BROOKLYN SINGER Once they got their script from Mr. Freiman, Jacobson and Zayenda began looking for an opera singer, who was to be co-starred with them in "My Lucky Day." They auditioned a number of singers sent by the talent agencies but kept returning to someone's suggestion of Selma Kaye, the Brooklyn girl who made her debut as soloist at Radio City Music Hall and went on to leading operatic roles in Chicago, Cincinnati and San Francisco.

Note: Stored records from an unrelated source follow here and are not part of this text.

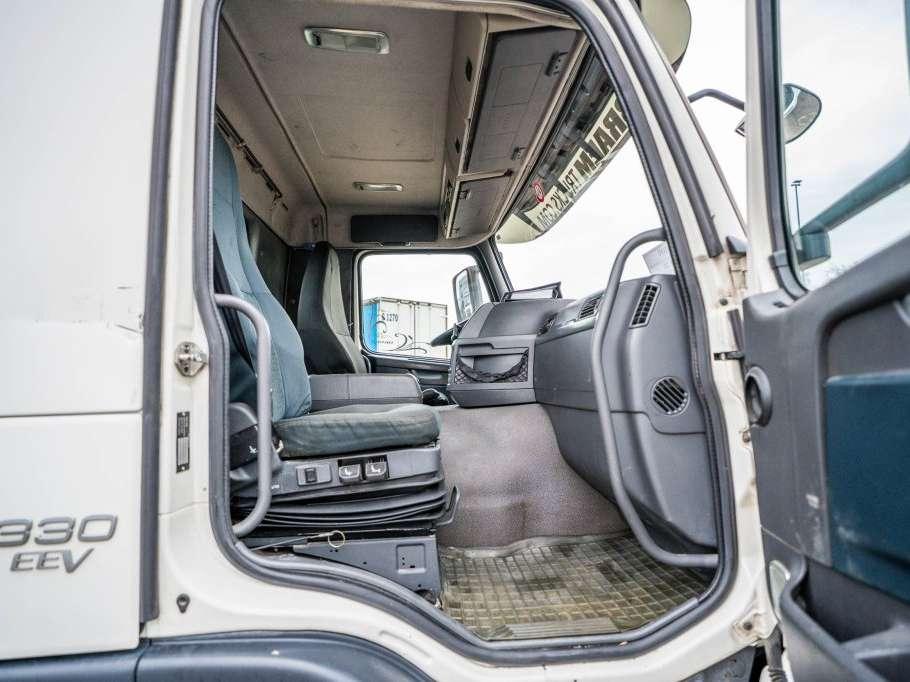 Volvo FM 330 Photo 9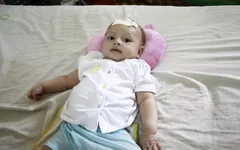Đáng thương bé trai có gương mặt như thiên thần lại bị ung thư máu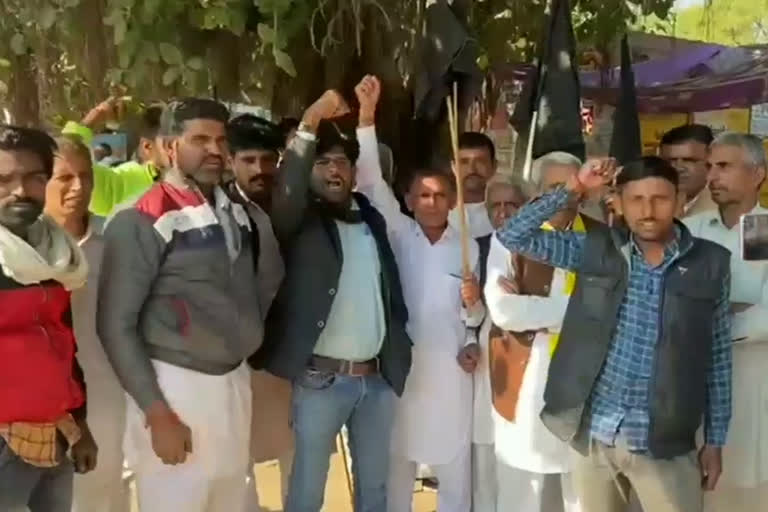 black flags to Digvijay Chautala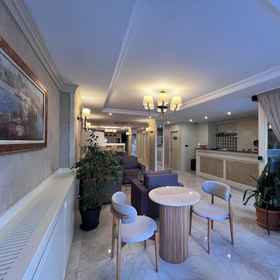 Primary image1古爾飯店,阿奇巴丹马斯拉克阿奇巴丹医疗保健公司直升机场飯店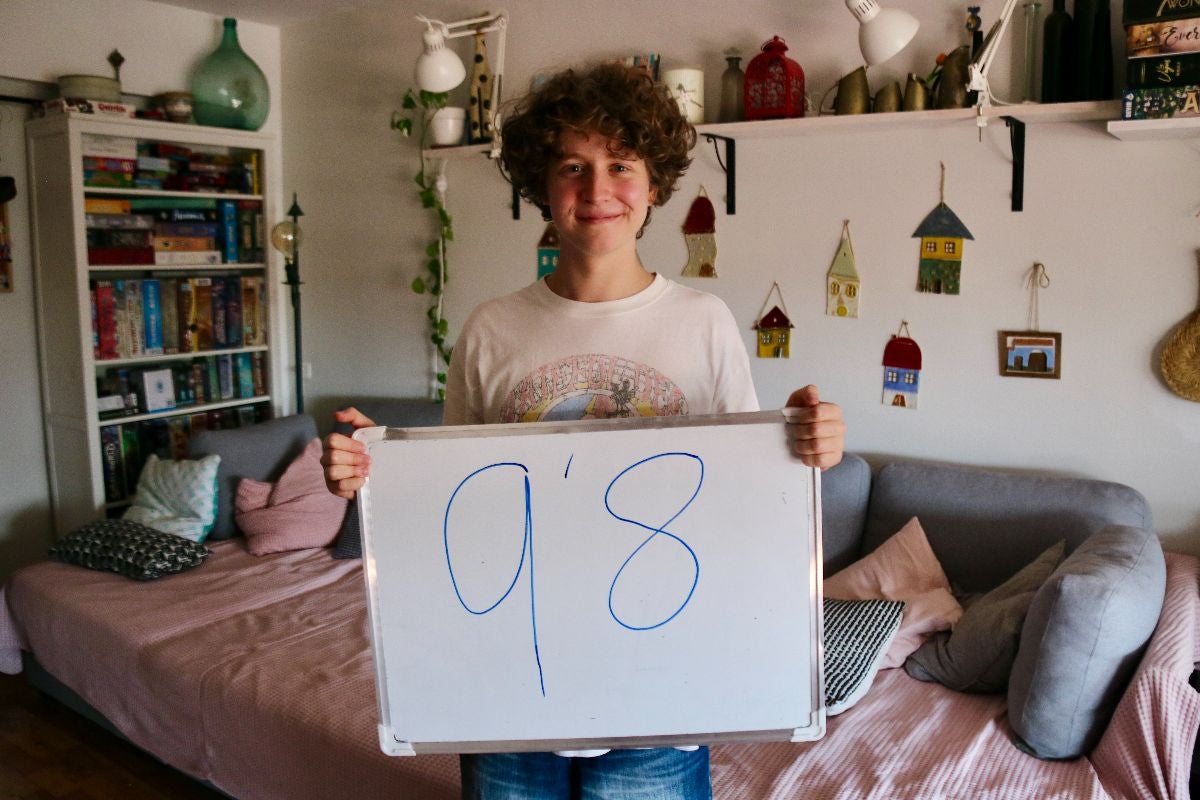 Tomàs Torralbo al menjador de casa seva amb la nota obtinguda | ACN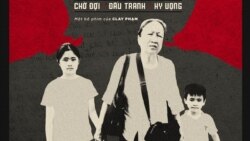 Mẹ Vắng Nhà: Clay Phạm "đánh đổi" sự an toàn vì Mẹ Nấm Mẹ Vắng Nhà: Clay Phạm "đánh đổi" sự an toàn vì Mẹ Nấm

"Miss Kaye is abroad now, singing at La Scala in Milan, and
we started calling Italy," Mr. Jacobson said. "Cablegrams flew back and forth,
and it was finally settled. Next, after La Scala, she sings at Covent Gardens in
London and then returns here for rehearsals. Her parents are orthodox, very
religious, and when she was a young girl they wanted her to be an actress in the
Jewish theater, but she had that beautiful voice and went into music. Now that
she's joining us, her mother is the happiest woman in town. She told me, 'If
Selma wants too much money, it'll work out all right. I'll make her take the
job.'"
BROADWAY DIRECTOR
The Second Ave. Theater's policy about directors is also
new, according to Mr. Zayenda, who once sang with the leading, state-subsidized
opera house in Poland. Instead of one of the actor-producers attending to the
direction, they are negotiating with several Broadway names to handle the job.
They want it done carefully this time, no more of the former setup in which
stars were allowed, more or less, to go their own way.

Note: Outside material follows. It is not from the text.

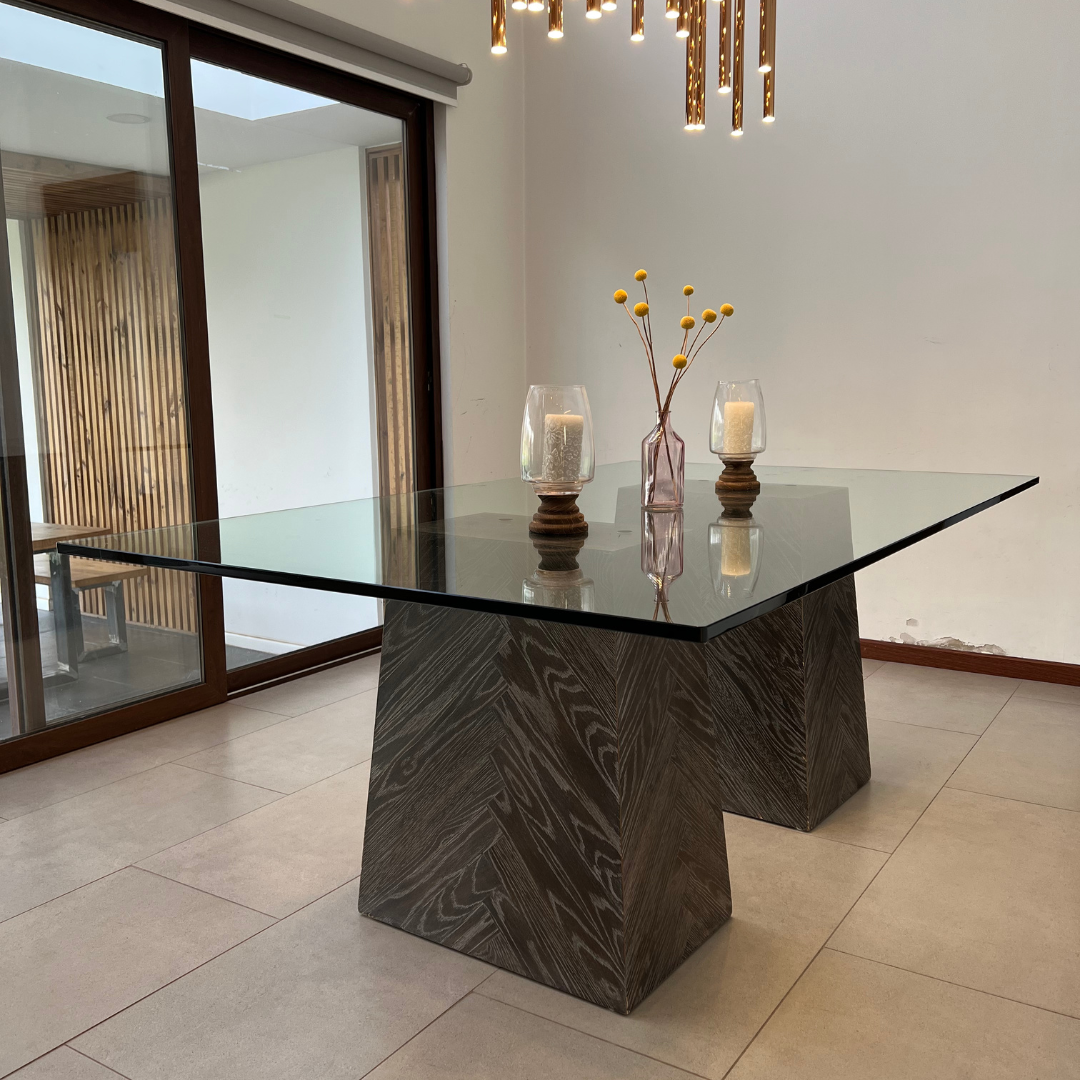 Mesa Montecarlo vidrio base negra con vetas grises - Santino Design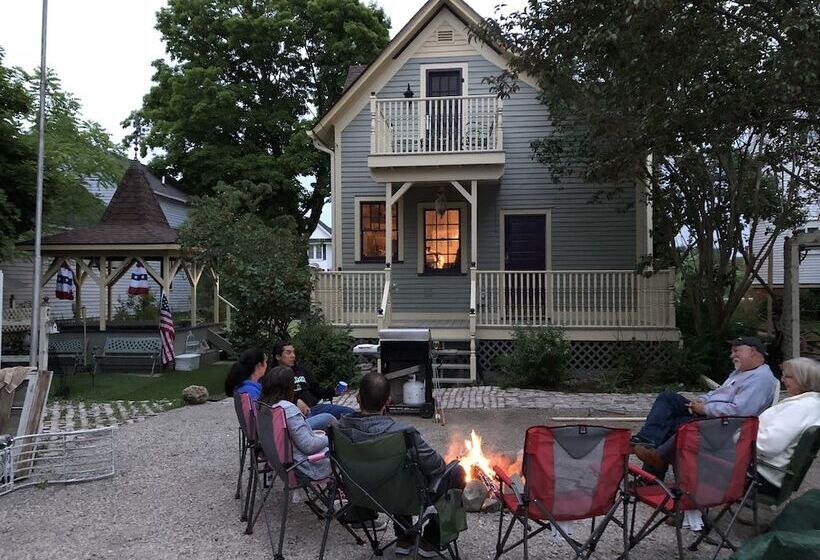 Secrets On Main Bed & Breakfast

"My teacher in Poland," Mr. Zayenda said, "once gave me
some advice that was given her by Helene Modjeska, the great Polish actress.
Modjeska told her that you can't direct yourself. It's not too bad if you have a
minor part, but you can't do it when you're the star. You can't watch your own
facial expressions and gestures and movements."
MORE ENGLISH
The other major change is that there will be a greater use
of English, than formerly, in "My Lucky Day." Mr. Jacobson tells about the time
he spoke at an actors' meeting and one of them said, "You kept drifting into
English, but I didn't realize it until afterwards," and Mr. Jacobson adds that
this is exactly what they plan to do in their show--drift into English so the
audience won't be aware of any transition.
The actor-manager, who looks somewhat like a younger,
rounded edition of Eddie Cantor, denies that the Jewish theater is dying, as
some believe, and points out that its shrinkage corresponds with what has
happened to Broadway. "Times have changed and we're changed with them. Theater
parties, for instance, form about 60 percent of our business today, and so we
keep the box-office open all Summer to book them. One way or another, we keep
going. That's why we're making the new changes."
* *
*
Note from the Museum of the Yiddish Theatre editor: The
play, "My Lucky Day," opened the Second Avenue Theatre's 1952-53 season on
September 11, 1952. The cast included (in alphabetical order): Gustave Berger,
Lucy German, Irving Jacobson, Selma Kaye, Miriam Kressyn, Dave Lubritsky, Esta
Salzman, Ben Zion Schoenfeld, Mae Schoenfeld, Edmund Zayenda and Yetta Zwerling.